# Dataset excerpts:
=======

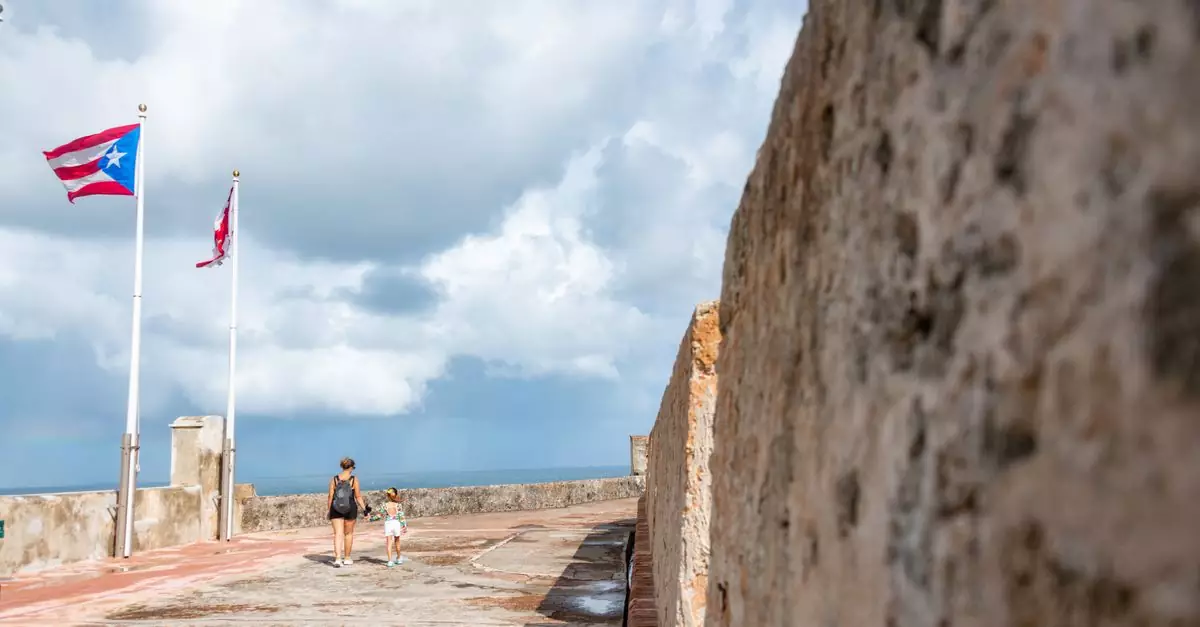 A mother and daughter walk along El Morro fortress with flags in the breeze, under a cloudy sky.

=======

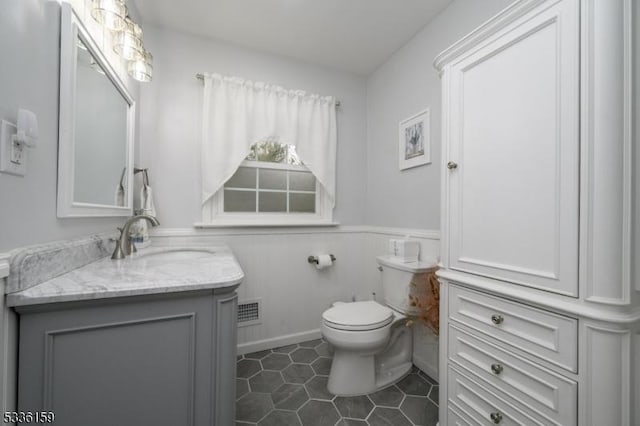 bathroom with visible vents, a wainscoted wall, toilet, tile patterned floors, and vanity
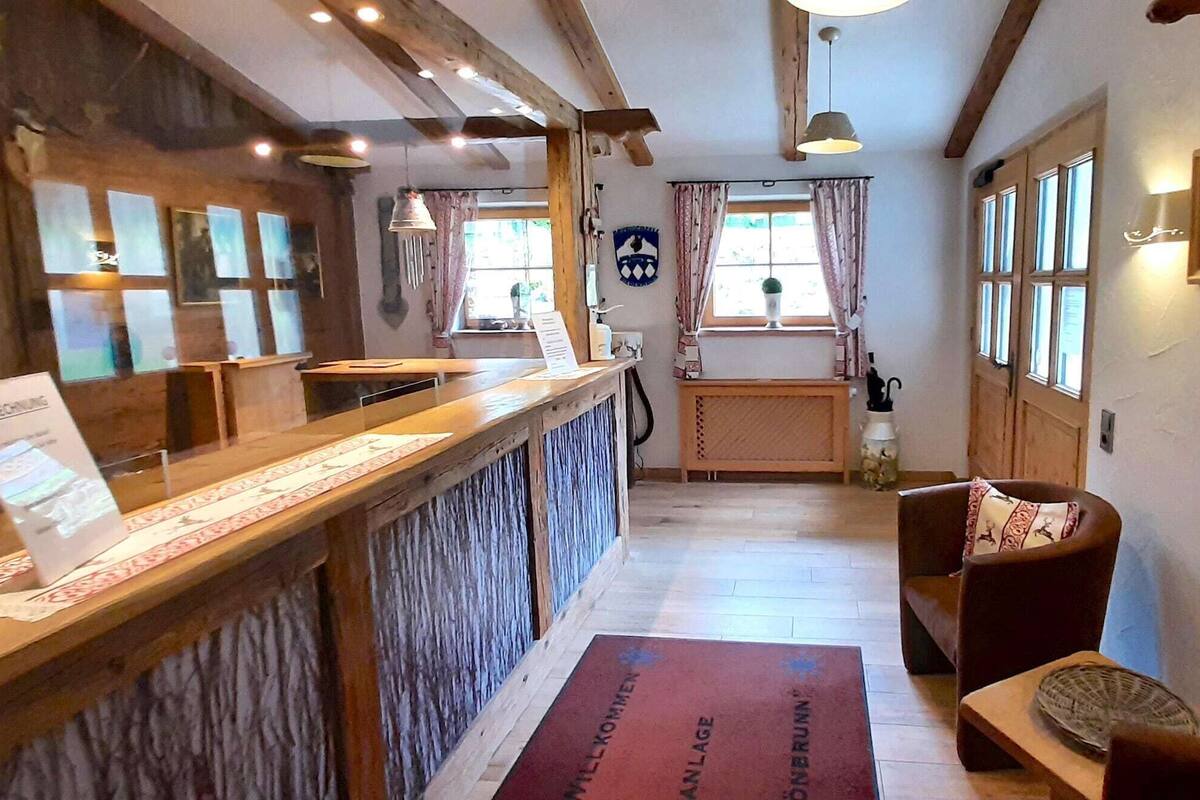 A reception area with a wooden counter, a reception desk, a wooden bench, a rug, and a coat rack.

=======

# Task to complete:
Your answer should consist of the lines above between those holding "bathroom with visible" and "A reception area", inclusive, reproduced word for word and without pictures.

# Exercise output:
 bathroom with visible vents, a wainscoted wall, toilet, tile patterned floors, and vanity
 A reception area with a wooden counter, a reception desk, a wooden bench, a rug, and a coat rack.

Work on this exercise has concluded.